FlyBase is rooted in the collaborative spirit of the Drosophila research community and good communication is crucial to continue providing a high standard of service. For that, FlyBase sends a couple of surveys a year to the FlyBase Community Advisory Group, which is made up of volunteer users at any career stage, from any biology field, and at any level of expertise on the database resources. Anyone can join by following the link under ‘Community’ in the navigation bar. The surveys try to gauge the level of usage and satisfaction of certain tools and what features could be added or eliminated, and are used to inform the focus of FlyBase resource development.
The query tools and data display are designed to be intuitive, supported by clear help pages. Video tutorials and ‘Tweetorials’ are available for many tools and resources, particularly if new, revamped or heavily used (see full list here).

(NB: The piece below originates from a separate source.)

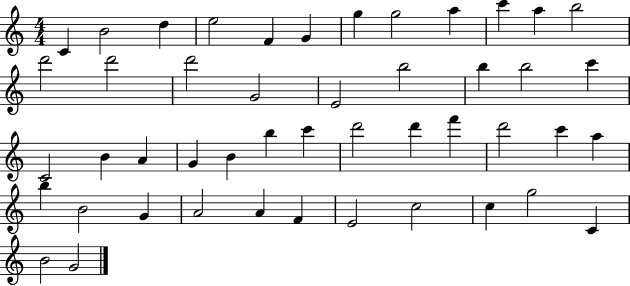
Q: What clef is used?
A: treble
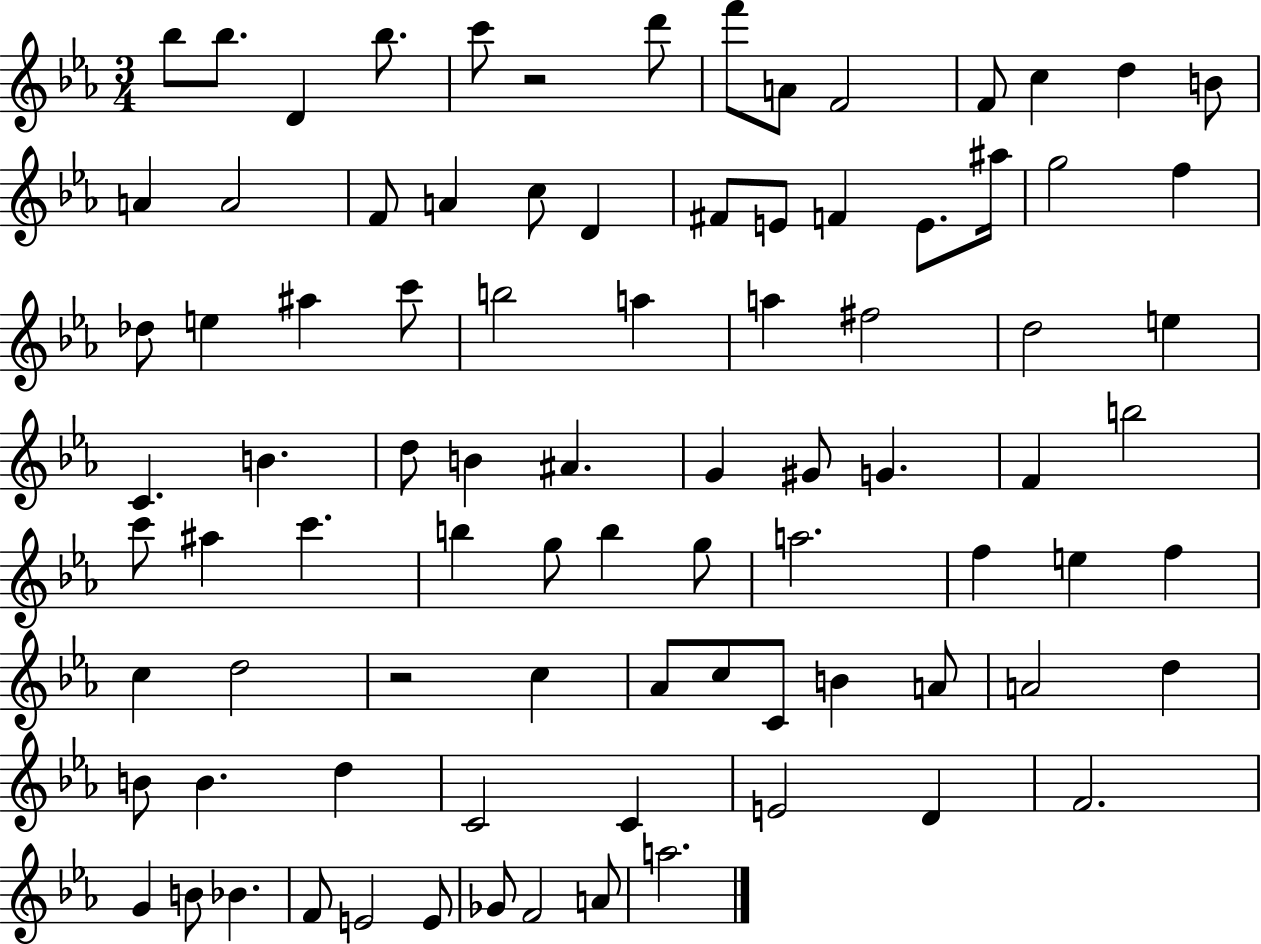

For more direct interactions with the community, FlyBase tries to be present at major international conferences, such as the US Annual Drosophila Research Conference and the European Drosophila Research Conference. And FlyBase always welcomes suggestions, enquiries and corrections via our
Helpmail (link at the bottom of every page). These messages are read by everyone in the team, so that they can be addressed by the most suitable people.
Help from users
The fly research community has always been extremely supportive and can continue to do so at many levels. In addition to the financial support mentioned above, it is highly important and appreciated if users cite FlyBase whenever possible in articles, presentations and funding applications (citation link at the bottom of every webpage). These acknowledgements make FlyBase’s impact on research more tangible and specifically the article citations provide metrics that can be used for funding applications.
‘Gene snapshot’ summaries
FlyBase welcomes expert researchers to contribute ’Gene Snapshot’ summaries for their favourite genes. These provide a quick overview of the function of a gene’s product, based on key points solicited by FlyBase, and are reviewed by curators.
Help from authors
Authors can also contribute in several ways to simplify the curation of their articles, ultimately allowing their data to be more quickly available on the website.
When you write your paper…
Clear, detailed and accurate descriptions of the experiments and resources minimises the curation effort and reduces the need to contact the authors. Articles should mention official FlyBase identifiers and nomenclature for entities such as genes, alleles, stocks and anatomical structures and should specify the molecular details of newly created alleles.
Once your paper is published…
When a research or review paper is published, authors should get an email from FlyBase asking for their help by filling in the Fast-Track Your Paper (FTYP) form. It requests authors to add the genes their articles focus on, which will become ready to display the next release, and minimal information on the types of experiments performed, which triages and helps prioritise the article for further curation.
Occasionally FlyBase has to send emails with clarification requests. Replying to these queries is greatly appreciated, as it allows for a more complete and accurate capture of the published data and makes it more readily available for display.